Le chantier participatif paille et terre aura lieu du 20 février au 4 mars à Montreuil, 33 rue Pierre-Jean de Béranger,au bout de la rue St Antoine, de l’autre côté de l’autoroute.
Nous commencerons par la pose verticale de bottes de paille, et finirons par l’application de la barbotine terre.

Qu’est qu’un chantier participatif?

un chantier ouvert à tous, aucun pré-requis n’est demandé, encadré par Eric Handrich (ancien président du Réseau Français de la Construction Paille) et Hugo Bançais, ancien stagiaire d’Eric, et présent sur le chantier depuis son début.
L’occasion d’agir, de mettre la main à la pâte, de faire sa part comme le colibri.

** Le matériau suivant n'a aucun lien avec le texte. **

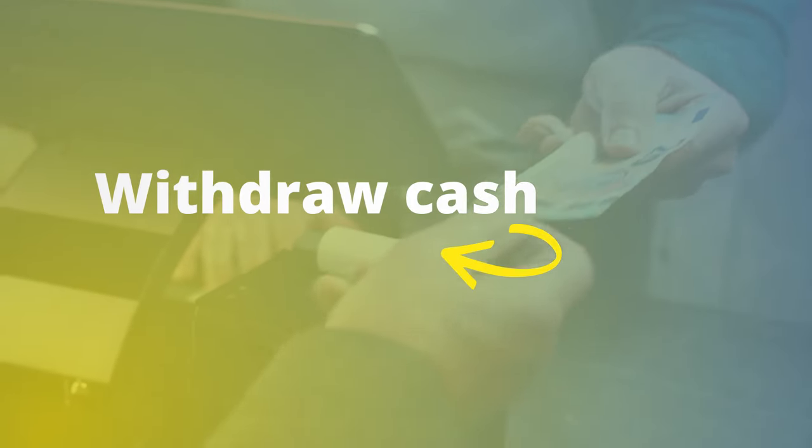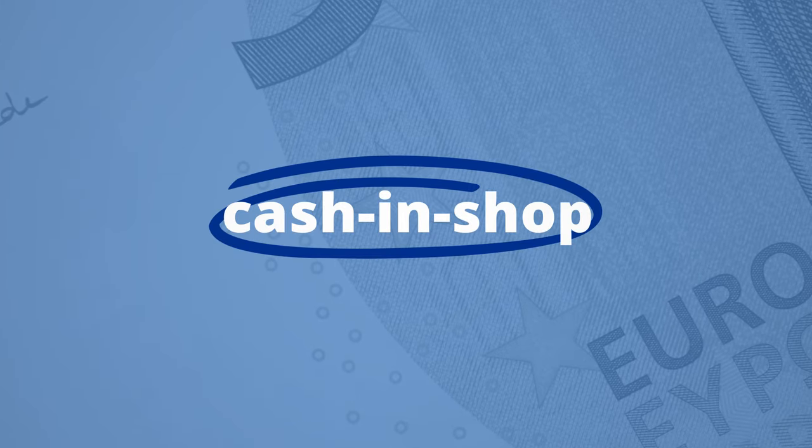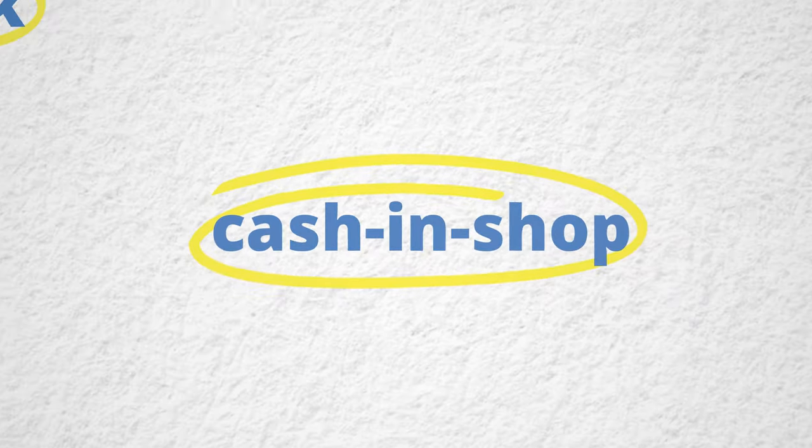But there's more. You can also withdraw cash in a store without buying anything. Just ask the seller if cash in shop is available. Find out if your favourite shops offer cashback or cash in shop, and try it yourself.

Un chantier convivial, joyeux, où le repas du midi vous sera offert, ainsi que deux collations. Les horaires seront 9h-12h45 et 13h45-18h.

Vous participerez à la construction d’un lieu de vie:
Habitat pour deux personnes, un gite touristique lié aux murs à pêches environnants, une boulangerie associative, et plein d’autres projets, notamment un verger de quartier.

Le chantier a démarré en septembre avec le terrassement, puis mi-octobre pour l’ossature en bois. A présent, les deux maisons sont bâties, avec les portes et fenêtres, la bâche epdm sur le toit plat pour les toits végétalisés, la ouate de cellulose insufflée dans les plafonds et les murs en mitoyenneté. Vous découvrirez un chantier exceptionnel et magnifique.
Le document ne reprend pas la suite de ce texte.